*** Opening COLLECTED MATERIAL ***

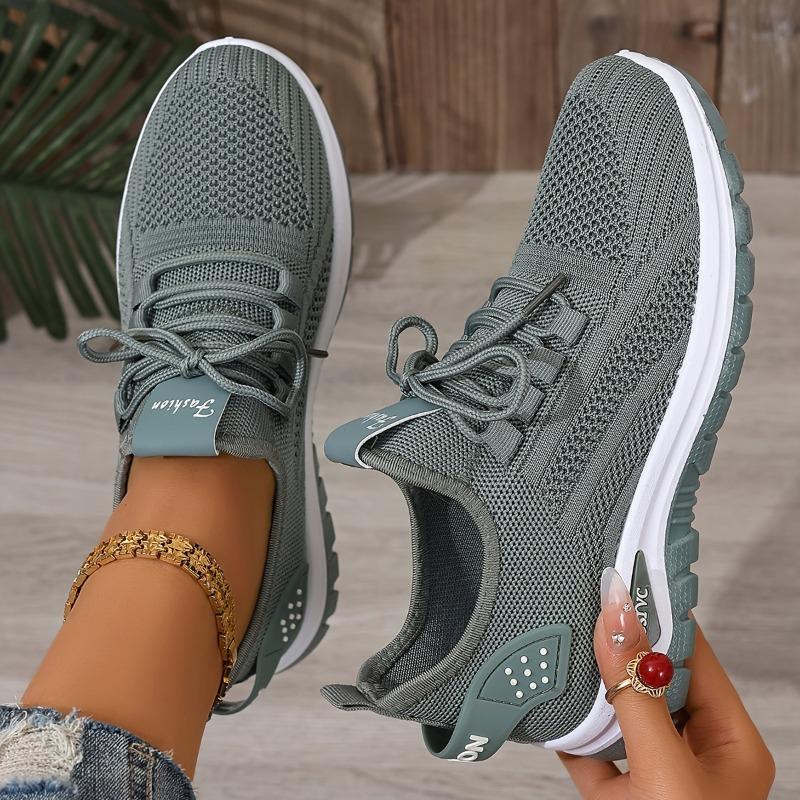 Women's White Low-Top Knit Sneakers Lightweight Lace-Up Anti-Slip All-Season Casual Light Workouts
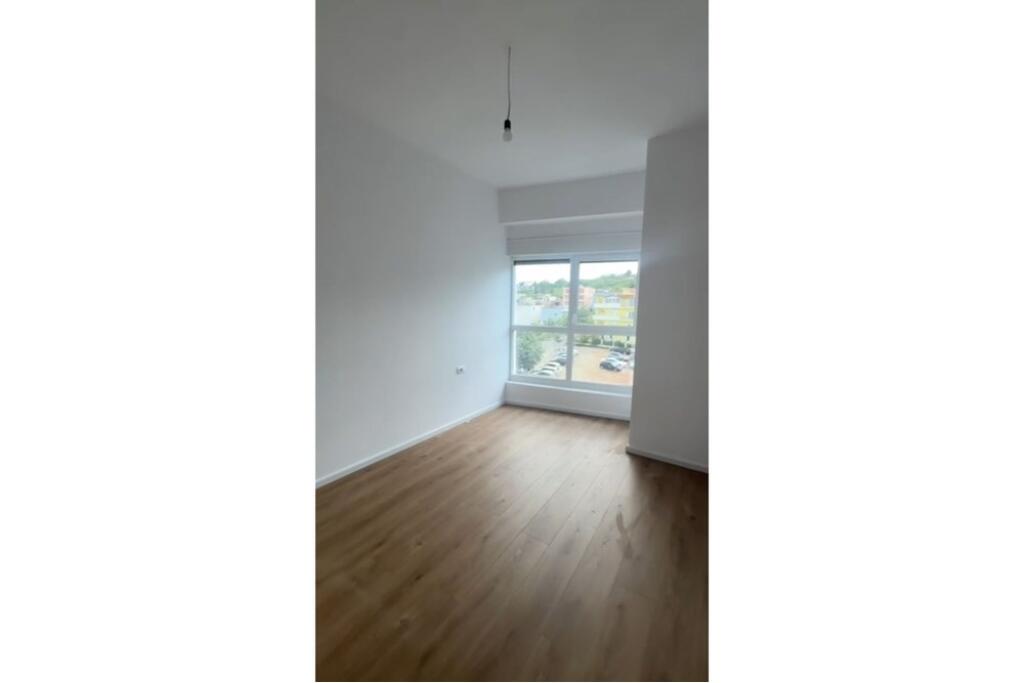 OKAZION !!!!!!! APARTAMENT 1+1 PER SHITJE TEK KOMPLEKSI MANGALEM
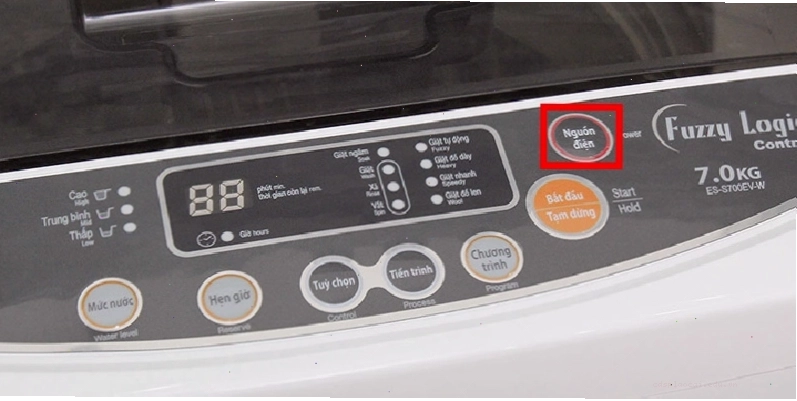 Người dùng nhấn nút Power để khởi động máy giặt Sharp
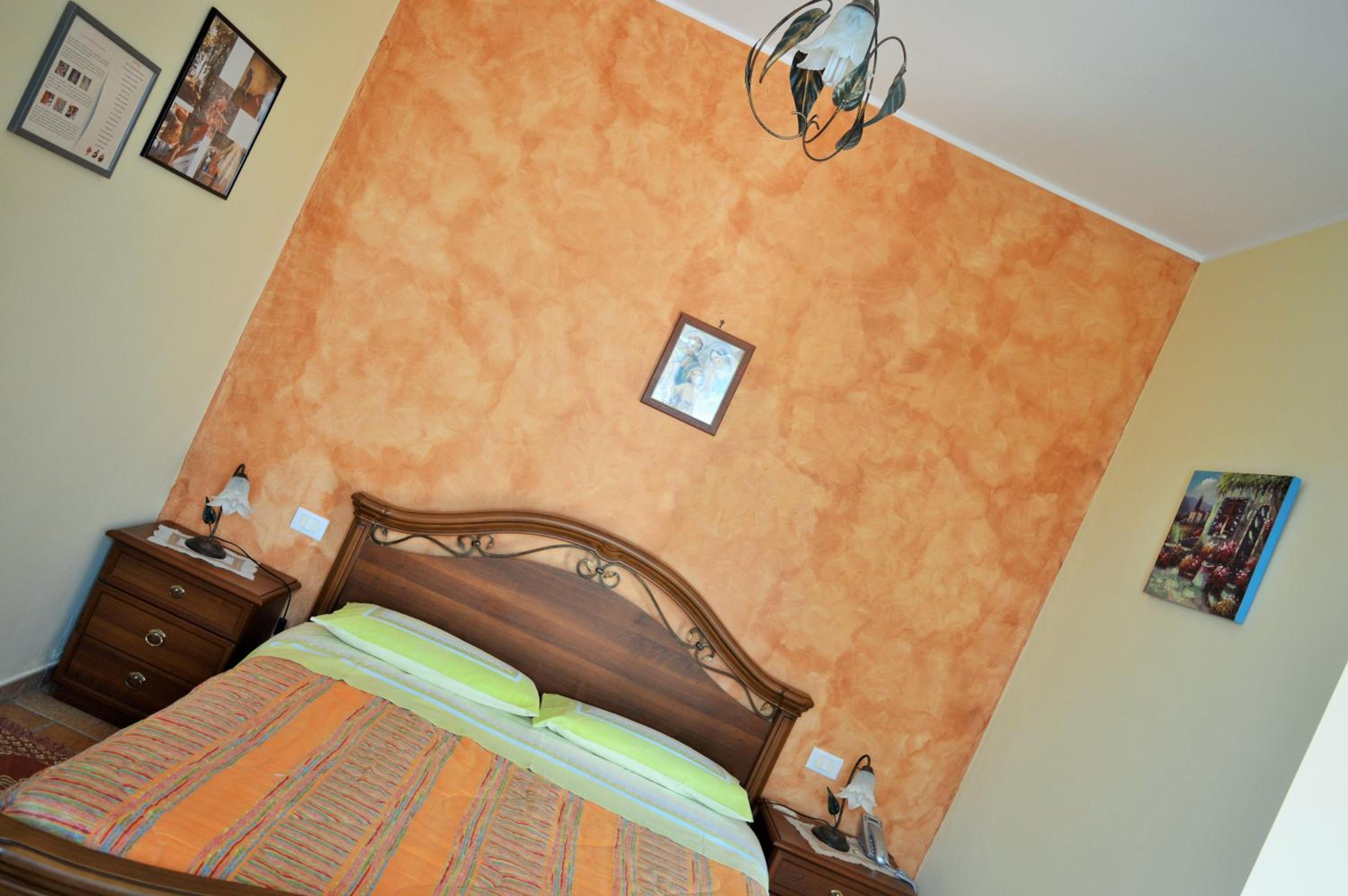 Double Room with Private Bathroom - Photo 1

*** Closing COLLECTED MATERIAL ***

◆ TRY IT:
Please retype the listing above word for word, skipping each picture.

◆ RESULT:
 Women's White Low-Top Knit Sneakers Lightweight Lace-Up Anti-Slip All-Season Casual Light Workouts
 OKAZION !!!!!!! APARTAMENT 1+1 PER SHITJE TEK KOMPLEKSI MANGALEM
 Người dùng nhấn nút Power để khởi động máy giặt Sharp
 Double Room with Private Bathroom - Photo 1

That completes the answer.